> _MATERIAL FOR THIS EXERCISE_:
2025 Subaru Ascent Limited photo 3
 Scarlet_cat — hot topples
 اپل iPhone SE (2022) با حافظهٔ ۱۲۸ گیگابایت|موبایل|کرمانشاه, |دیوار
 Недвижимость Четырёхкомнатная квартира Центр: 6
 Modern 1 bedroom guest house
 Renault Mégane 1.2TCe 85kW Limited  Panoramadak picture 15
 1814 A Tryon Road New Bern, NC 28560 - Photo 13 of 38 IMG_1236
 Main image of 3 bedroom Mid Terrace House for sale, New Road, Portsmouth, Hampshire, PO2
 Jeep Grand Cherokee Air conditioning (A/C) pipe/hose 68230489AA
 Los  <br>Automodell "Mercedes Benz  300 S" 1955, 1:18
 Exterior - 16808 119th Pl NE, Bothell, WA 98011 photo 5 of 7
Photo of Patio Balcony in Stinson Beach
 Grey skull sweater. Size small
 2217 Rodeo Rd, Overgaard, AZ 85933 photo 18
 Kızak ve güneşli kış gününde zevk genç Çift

> _WHAT THE EXERCISE ASKS_: Proceeding from the line containing "Scarlet_cat — hot topples" through the line containing "1814 A Tryon", transcribe the lines above exactly, both end lines included.

> _RESPONSE AREA_:
 Scarlet_cat — hot topples
 اپل iPhone SE (2022) با حافظهٔ ۱۲۸ گیگابایت|موبایل|کرمانشاه, |دیوار
 Недвижимость Четырёхкомнатная квартира Центр: 6
 Modern 1 bedroom guest house
 Renault Mégane 1.2TCe 85kW Limited  Panoramadak picture 15
 1814 A Tryon Road New Bern, NC 28560 - Photo 13 of 38 IMG_1236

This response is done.